Senin, 26 November 2012

BULETIN : Idul Adha, Sumpah Pemuda dan Musuh Bersama


 Bismillahirrahmaanirrahiim

Tahun ini menjadi tahun spesial bagi umat muslim di Indonesia. Mengapa? Beberapa bulan lalu kita merayakan idul fitri yang hampir bersamaan dengan peringatan kemerdekaan RI, dan kali ini kita merayakan idul adha atau hari raya kurban yang jaraknya pun berdekatan dengan peringatan Sumpah Pemuda 28 Oktober.

Renungan yang relevan patut dikemukakan tentang misi dan pesan yang dibawa oleh perayaan Idul Adha dan Sumpah Pemuda. Jika Islam -perayaan idul Adha- mengusung rahmatan lil alamin (kedamaian bagi seluruh alam) maka sumpah pemuda mengusung semangat kebersatuan dan kebangkitan pemuda Indonesia sebagaimana yang dikumandangkan dalam diktum sumpah pemuda, bernegara satu,berbahasa satu dan bertanah air satu Indonesia.

Seperti yang kita ketahui, pada satu dekade terakhir, banyaknya aksi kekerasan dan terorisme terjadi di saat peringatan hari-hari besar keagamaan. Hal ini tentu mengusik
kedamaian kita. Pertanyaannya, apakah momen idul adha yang berdekatan dengan peringatan sumpah pemuda ini mampu mencegah tindakan tersebut ?

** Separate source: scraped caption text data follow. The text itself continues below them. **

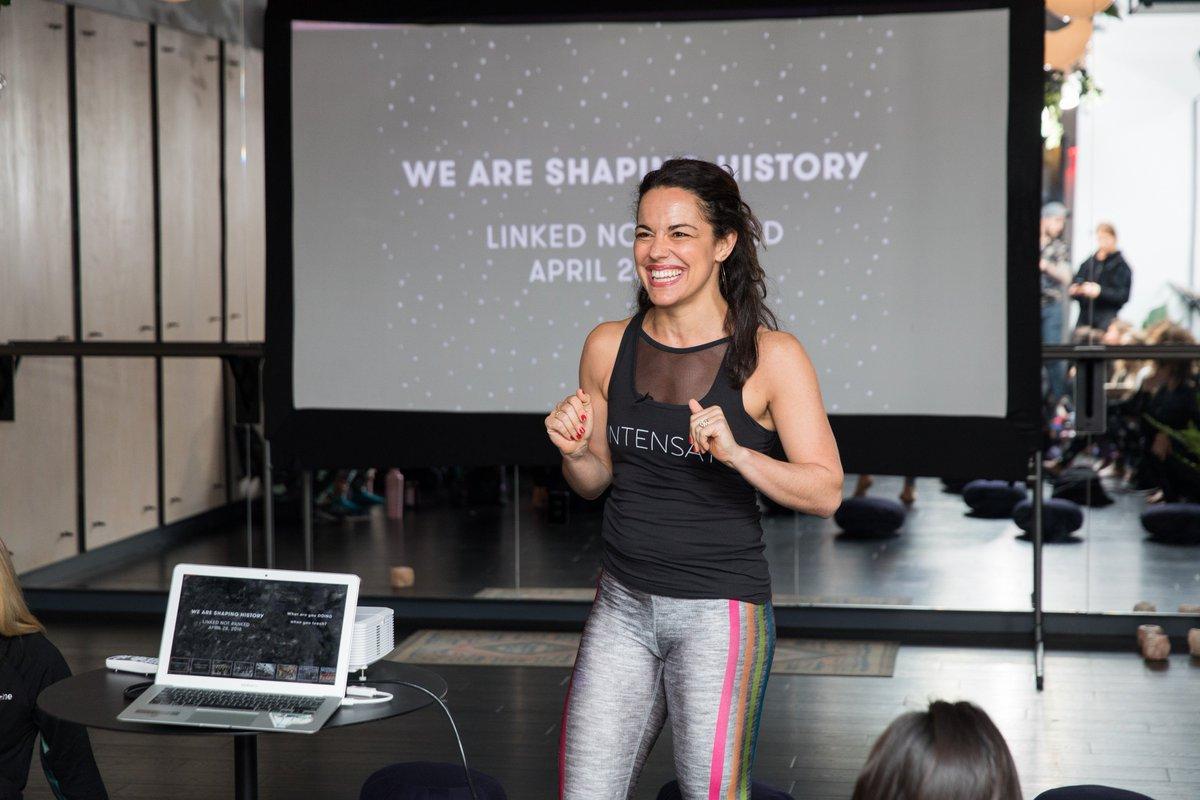 A photo of historian Dr. Natalia Petrzela wearing a sports attire as she does a presentation in a gym studio. She specializes in American sport culture.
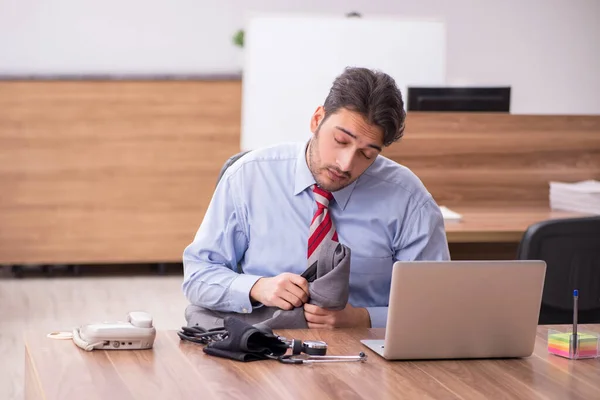 Joven empleado masculino que sufre de hipertensión en el lugar de trabajo —  Fotos de Stock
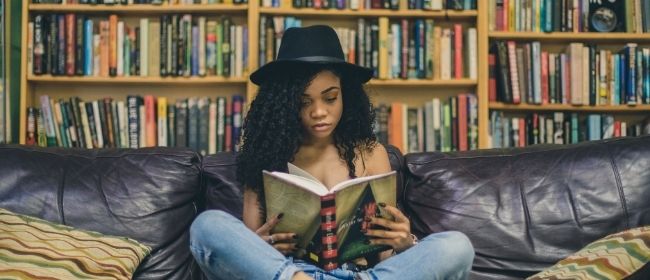 Girl sitting on couch reading a book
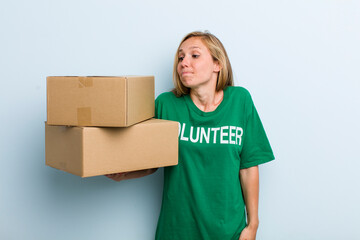 young adult blonde woman shrugging, feeling confused and uncertain. volunteer and donation concept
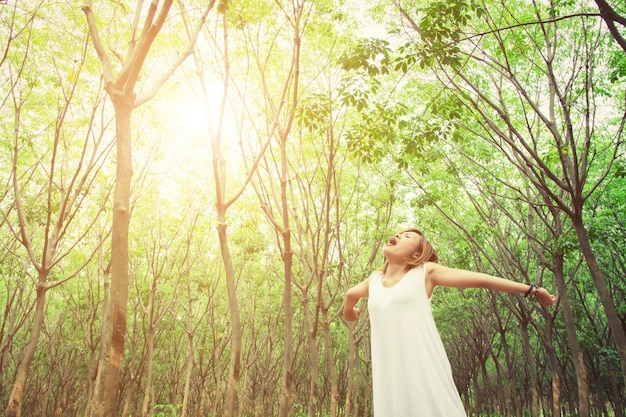 Young woman yawning in the forest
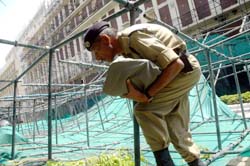 A CISF man passing through the construction-support pillars that collapsed due to a squall at Nirman Bhavan 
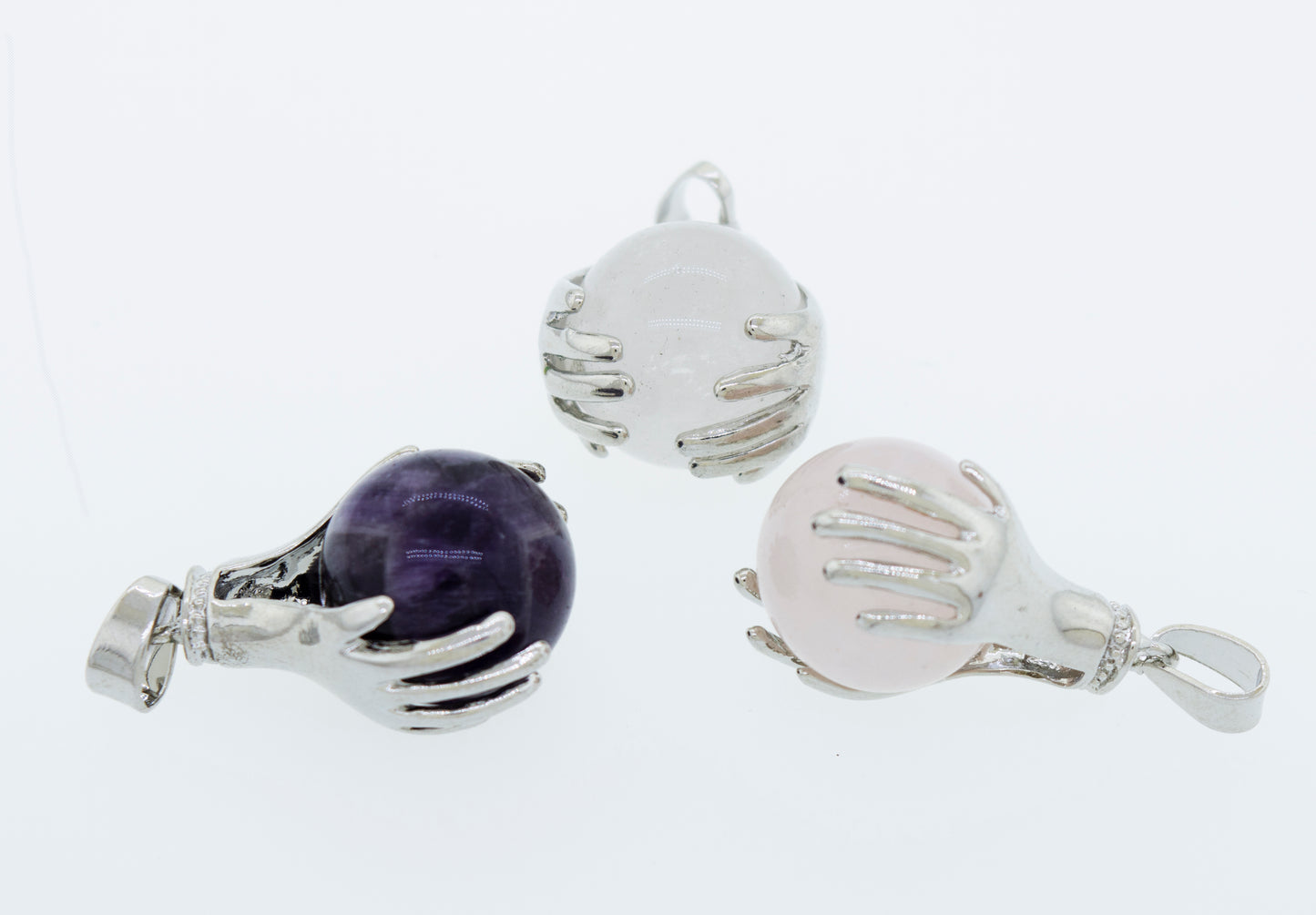 
                  
                    Three Super Silver Sphere Crystal Pendants adorned with pink, purple, and green stones.
                  
                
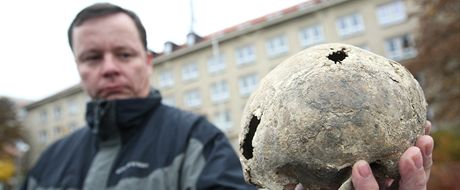 Policejní vyetovatel Michal Laka ukazuje lebku jedné z údajných obtí pováleného násilí, kterou spolu s dalími ostatky vykopali na louce Budínka u Dobronína na Jihlavsku.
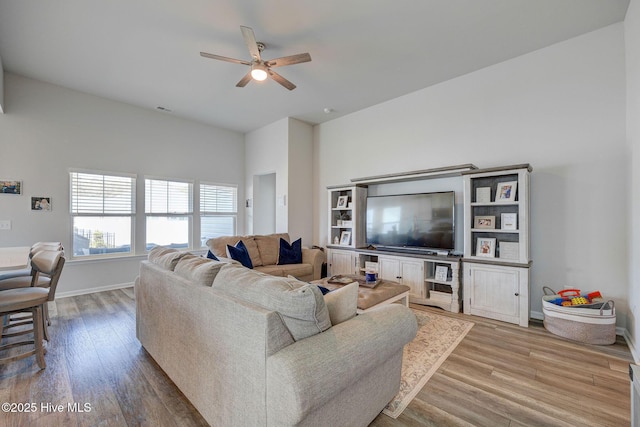 6909 English Holly Ct SW, Ocean Isle Beach, NC 28469 - living area with a ceiling fan, light wood finished floors, and baseboards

Berpijak dari permasalahan diatas momen kedekatan Idul Adha dan peringatan hari sumpah pemuda ini memepunyai relevansi untuk mengimplementasikan serta mengejawantahkan misi, pesan-pesan perdamaian dari keduanya. Idul Adha yang berdimensi vertikal dengan tujuan Taqarrub kepada Tuhan dengan berkurban, juga mempunyai dimensi horizontal yang termanifestasi dengan pembagian daging hewan sembelihan kepada orang-orang miskin. Hal itu mengingatkan kepada kita akan pentingnya kebersamaan, dan indahnya berbagi dengan sesama.

Di lain pihak, sumpah pemuda mengingatkan kita akan jiwa nasioinalisme dan pentingnya kesatuan serta semangat untuk maju dalam memerangi segala usaha yang merongrong negara kesatuan republik indonesia ini.

Betapapun nasionalisme anak muda hari ini patut kita kaji, kita pertanyakan bahkan kita curigai kalau diperlukan. Mengapa? Karena ibarat tanaman, nasionalisme kita hari ini dihinggapi oleh sekian banyak insektisida dan juga penyakit gulma. Misalnya, derasnya budaya asing korea yang membuat anak
muda kita gagap bahkan galau dalam mendefinisikan nasionalismenya sendiri, selain itu bahasa anak muda kita hari ini juga menghawatirkan, bahasa baku indonesia hampir punah diembargo oleh bahasa alay yang “seksi” bagi sebagian banyak generasi muda kita.

Maka outputnya, tatkala beberapa tahun lalu Sabrang Mowo Damar  Panoloeh (200) memodifikasi sumpah pemuda dengan menambahi kata “sudah” yang menjadi sudah bertanah air satu, sudah bernegara satu dan sudah berbahasa satu yakni indonesia maka betapa tidak bisa kita bayangkan generasi muda kita hari ini ketika membaca sumpah pemuda serta merta mereka memodifikasinya sendiri  sesuai selera.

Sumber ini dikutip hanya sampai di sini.